• [Data supplied]

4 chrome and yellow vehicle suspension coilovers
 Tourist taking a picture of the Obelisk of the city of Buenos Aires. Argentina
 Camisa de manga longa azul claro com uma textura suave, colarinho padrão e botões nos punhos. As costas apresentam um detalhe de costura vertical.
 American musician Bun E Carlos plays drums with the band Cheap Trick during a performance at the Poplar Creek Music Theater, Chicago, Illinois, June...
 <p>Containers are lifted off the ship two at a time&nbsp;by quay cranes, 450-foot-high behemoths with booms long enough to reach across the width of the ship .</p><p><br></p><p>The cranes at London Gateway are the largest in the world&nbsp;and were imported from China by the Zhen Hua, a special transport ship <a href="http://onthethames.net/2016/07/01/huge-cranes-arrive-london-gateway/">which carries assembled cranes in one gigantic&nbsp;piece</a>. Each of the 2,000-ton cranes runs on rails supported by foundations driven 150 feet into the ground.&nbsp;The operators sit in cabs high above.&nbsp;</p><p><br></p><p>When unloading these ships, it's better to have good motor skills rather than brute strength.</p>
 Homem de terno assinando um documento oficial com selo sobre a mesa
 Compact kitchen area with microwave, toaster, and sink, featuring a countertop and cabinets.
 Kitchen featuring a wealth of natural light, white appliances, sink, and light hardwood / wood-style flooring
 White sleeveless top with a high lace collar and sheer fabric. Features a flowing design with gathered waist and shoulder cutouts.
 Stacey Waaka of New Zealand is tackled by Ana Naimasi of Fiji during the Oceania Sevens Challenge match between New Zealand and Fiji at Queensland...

• [What you will do] Repeat every record exactly, so that nothing is lost or altered.

• [Answer space]
4 chrome and yellow vehicle suspension coilovers
 Tourist taking a picture of the Obelisk of the city of Buenos Aires. Argentina
 Camisa de manga longa azul claro com uma textura suave, colarinho padrão e botões nos punhos. As costas apresentam um detalhe de costura vertical.
 American musician Bun E Carlos plays drums with the band Cheap Trick during a performance at the Poplar Creek Music Theater, Chicago, Illinois, June...
 <p>Containers are lifted off the ship two at a time&nbsp;by quay cranes, 450-foot-high behemoths with booms long enough to reach across the width of the ship .</p><p><br></p><p>The cranes at London Gateway are the largest in the world&nbsp;and were imported from China by the Zhen Hua, a special transport ship <a href="http://onthethames.net/2016/07/01/huge-cranes-arrive-london-gateway/">which carries assembled cranes in one gigantic&nbsp;piece</a>. Each of the 2,000-ton cranes runs on rails supported by foundations driven 150 feet into the ground.&nbsp;The operators sit in cabs high above.&nbsp;</p><p><br></p><p>When unloading these ships, it's better to have good motor skills rather than brute strength.</p>
 Homem de terno assinando um documento oficial com selo sobre a mesa
 Compact kitchen area with microwave, toaster, and sink, featuring a countertop and cabinets.
 Kitchen featuring a wealth of natural light, white appliances, sink, and light hardwood / wood-style flooring
 White sleeveless top with a high lace collar and sheer fabric. Features a flowing design with gathered waist and shoulder cutouts.
 Stacey Waaka of New Zealand is tackled by Ana Naimasi of Fiji during the Oceania Sevens Challenge match between New Zealand and Fiji at Queensland...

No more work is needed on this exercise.